The major advantage the Social Bookmarking system Raw Sugar has over del.icio.us right now is the hierarchical organisation of tags. To capitalize on that I'd like to see Raw Sugar supplying those hierarchies in OPML format with the accumulative Tag feeds at each node level.
To explain what I mean I've manually built this hierarchy -
Internet -> Software -> Programming -> Ruby -> Ruby on Rails
And you can graze it at Grazr.com or Optimal Browser.com. At each level we see an indication of the number of feed items corresponding to the tag. For instance, at the top level Internet has 56,984 pages of results, Software has 10,082, Programming has 5,199 and so on.
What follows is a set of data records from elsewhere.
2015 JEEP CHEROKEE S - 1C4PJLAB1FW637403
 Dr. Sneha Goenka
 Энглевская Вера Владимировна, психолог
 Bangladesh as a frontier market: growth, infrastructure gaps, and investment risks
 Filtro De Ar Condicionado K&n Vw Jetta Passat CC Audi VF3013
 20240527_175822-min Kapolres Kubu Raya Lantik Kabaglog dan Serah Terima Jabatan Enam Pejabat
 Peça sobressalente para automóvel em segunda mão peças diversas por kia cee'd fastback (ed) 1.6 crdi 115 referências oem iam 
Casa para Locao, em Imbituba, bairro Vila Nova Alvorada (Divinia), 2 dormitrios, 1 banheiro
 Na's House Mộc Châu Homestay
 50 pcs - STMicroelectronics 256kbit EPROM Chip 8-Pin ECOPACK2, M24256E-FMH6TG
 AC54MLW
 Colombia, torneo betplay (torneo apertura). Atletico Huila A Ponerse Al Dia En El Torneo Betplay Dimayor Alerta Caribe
What we can see is that as we drill down through the hierarchy we are progressively filtering the volume of items as we zero in on our specific area of interest. Optimal is probably the better of the two grazers for this purpose right now but what we really need is live feed updates a la LiveMarks. Imagine seeing new feed items popping into view in real time as you continually drill down.
That may not seem like a big deal right now while Social Bookmarking is young and Raw Sugar still doesn't have a critical mass of users. But look to the future and imagine the potential. Think of how we could use a similar method to progressively filter our news feeds -
World -> Europe -> Ireland -> Dublin -> Finglas
Remember those scenes in The Matrix where only the trained observers could interpret the trickling green glyphs against the black monitor background? Only experience allowed them to see the signal as they progressively filtered out the surrounding noise. As we move to an RSS-everywhere, bogjectified world we'll increasingly require our software to provide a similar means of making sense of the real world, in real time.
Hi there. It's a few months I'm talking about the evolution of folksonomies with smart guys like David Weinberger, Frank Smadja, Peter Van Dick.
My starting concern was that actual tag clouds usability is really really low mainly because the increasing size of tags introduced in the system makes difficult for users to extract a mental model out of a cloud.
My suggestions was:
- using faceted tags (meefedia docet)
- using hierarchical tagging (rawsugar docet here)
- using ajax and a wiki approach to build the hierarchy
These strategies can be leveraged at the same time to add a structure to the actual tagging.
The main benefits:
- improving tag clouds browsability and scalabilty
- improving serendipity
- disambiguating tags' meaning
Of course the same approach should be introduced in OPML.
More on my post 'Folksonomies 2.0 - The Chaotic Order'
http://www.infospaces.it/wordpress/topics/information-architecture/74
Posted by: Emanuele Quintarelli | March 21, 2006 at 02:55 PM
James, thanks of course for the kind words. I have a question about the grazing software for you: Using either of the linked application, when I drill down only ten items are visible with no page down or more link to get further in the list. Am I missing something (using FF 1.5)?
Posted by: Bill Lazar | March 21, 2006 at 05:21 PM
Bill, that's whole idea of grazing the World *Live* Web (Doc Searls' terminology) or the Feedosphere. The live web is not an archive like the plain old World Wide Web - its what's happening in the here and now. Just as we walk around in the real world and expose our senses to what's happening in the moment, not what happened in the past. Its a new interface for a new web - the live web.
Feed Grazing is about being able to zero into the latest items in a feed flow, grazing them, and moving on. No subscription, no aggregation, just uncommitted quick access.